Pelo jeito que a coisa anda, em 2022, os políticos vão nos obrigar a, mais uma vez, ter que escolher entre o autoritarismo populista de direita e o populismo autoritário de esquerda. Ou vice-versa, tanto faz. Nossa permanente e pobre alternativa eleitoral vai mais uma vez se impor, sem que possamos respirar um pouco.

Depois das eleições, eleito um dos dois lados, o outro dirá que, se estivesse lá, faria diferente e melhor, o que dará motivos e expectativas para as próximas disputas. A democracia só é boa quando justifica os erros de quem governa e dá esperança a quem pretende um dia governar. Podemos concluir que é esse o principal gatilho dela, o que a mantém acesa em nossos corações. Não podemos pensar em destruir o que seremos amanhã.

Mas é preciso também acreditar no rigor democrático, na Constituição e nas leis civis, bem como nas regras morais que não estão escritas, mas que governam as sociedades em que a democracia nasceu e floresceu. Sem esses limites, a democracia não sobrevive, as sociedades que ela pretende organizar se tornam uma selvagem e desumana experiência, em que o justo e o correto estarão sempre dependendo do bem-estar de quem se encontra no eventual poder.

Quando, depois de seu bem-sucedido primeiro mandato, em que deu a partida ao fim da Depressão, o presidente Franklin Roosevelt, eleito para um segundo termo por mais de 60% dos americanos, tentou mudar a composição da Suprema Corte do país, sofreu derrota clamorosa, comandada por representantes dos dois partidos, por políticos de todas as tendências, pela imprensa em geral e pelos eleitores que o haviam sufragado recentemente. E a alteração na Suprema Corte não aconteceu.

Curiosamente (ou, talvez, naturalmente), todo movimento autoritário que pretende acabar com as liberdades democráticas e impor um regime de força começa tentando silenciar os responsáveis pelas leis. Hugo Chávez é um dos exemplos mais recentes desse comportamento, sua ação acabou provocando a imposição de um outro regime político específico na Venezuela, nada democrático. Como no caso de Chávez, do húngaro Viktor Órban, do bielorusso Alexander Lukashenko, do italiano Matteo Salvini e de outros autoritários contemporâneos, essas não são mais as clássicas intervenções militares do século passado e de outros tempos. Mas movimentos nascidos no seio do poder civil, conquistado pelo voto.

Esses movimentos autoritários nascem, muitas vezes, de equívocos praticados por nós mesmos, em relação a políticos que escolhemos. Em sua campanha à prefeitura da cidade, o bispo evangélico Marcelo Crivella repetia sempre que, uma vez eleito, ia “cuidar das pessoas”. Quem poderia imaginar que isso se traduziria nos “Guardiões do Crivella”, um aparato miliciano para impedir que aqueles dos quais deveria cuidar se manifestassem?
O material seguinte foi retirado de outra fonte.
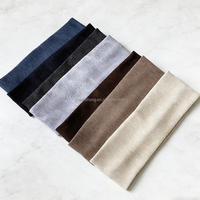 Bandeau de sport et de yoga en coton flanelle, style euro-américain, coloré, respirant, anti-transpiration, réutilisable, avec large élastique, pour le lavage du visage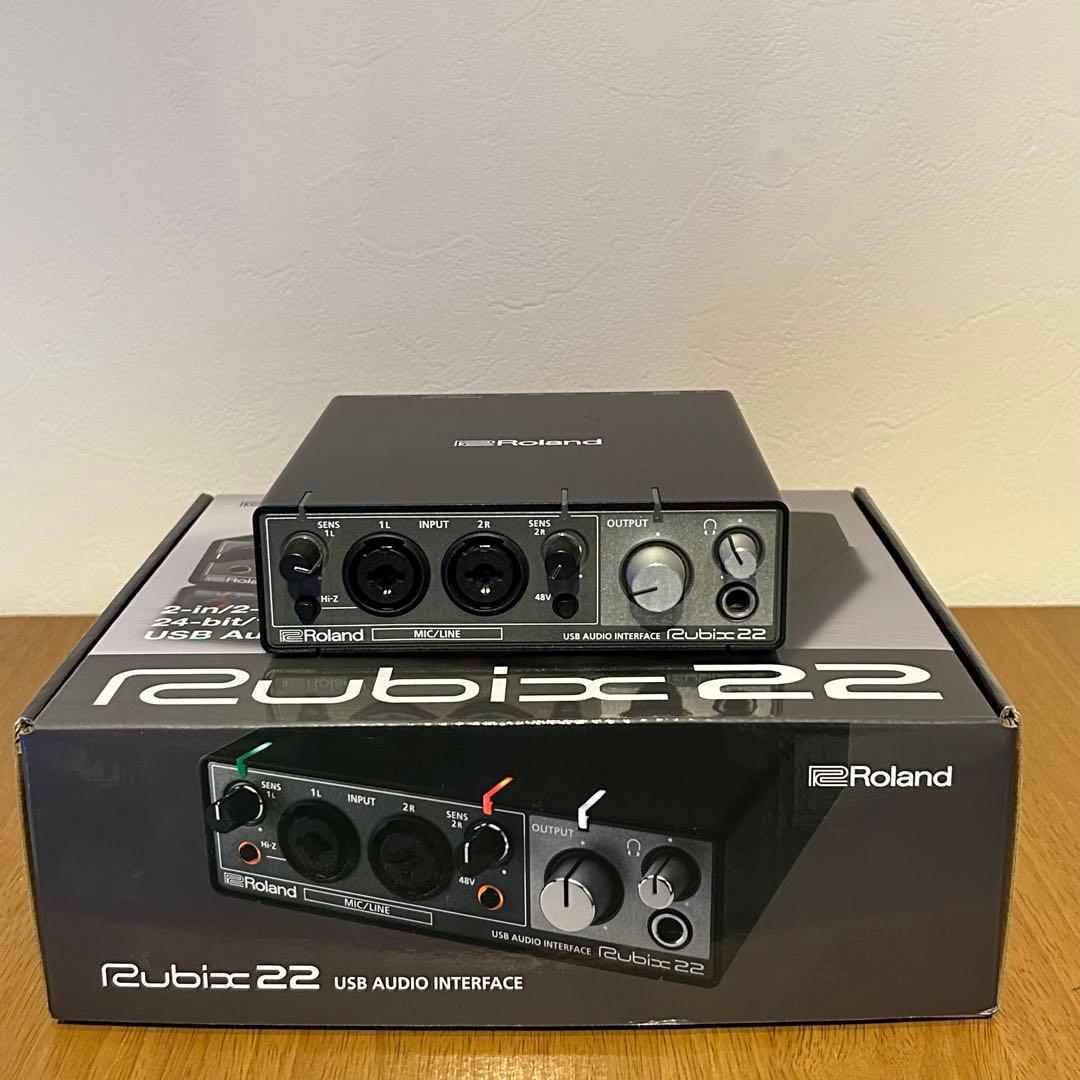 【美品】 Roland RUBIX22 USBオーディオインターフェイス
O que pode ser mais grave é que esses desvios políticos vêm sendo cometidos em nome de crenças religiosas. Não em nome de crenças enquanto fé ou normas de uma religião; mas, quase sempre, em nome de seus apóstolos mais representativos, os representantes dessas crenças no mundo concreto dos homens.

É como se, cerca de mil anos depois, retornássemos aos tempos em que o poder civil era exercido pelos líderes religiosos, em benefício pessoal e de suas igrejas. O Ocidente levou alguns séculos para desmontar essa união perversa e antidemocrática entre Estado e religião. No Brasil, só conseguimos esse feito no final do século XIX, com a República. Será que o Estado laico agoniza no mundo? Será que vamos ter que começar tudo de novo?

Pior vai ser quando tivermos que enfrentar o misticismo cruel, oportunista e reacionário que já se espalha hoje pelo mundo. Nos Estados Unidos, além dos tradicionais grupos racistas e supremacistas, um novo misticismo de feitiçaria se organiza em torno de ideias como as antivacinação, pois as vacinas estariam sendo preparadas para nos afastar de Deus; ou como as do novíssimo QAnon, grupo que considera que o mundo está sendo regido por pedófilos. O herói e santo desse grupo, proclamado como aquele que vai nos livrar desse mal, chama-se Donald Trump, o presidente americano.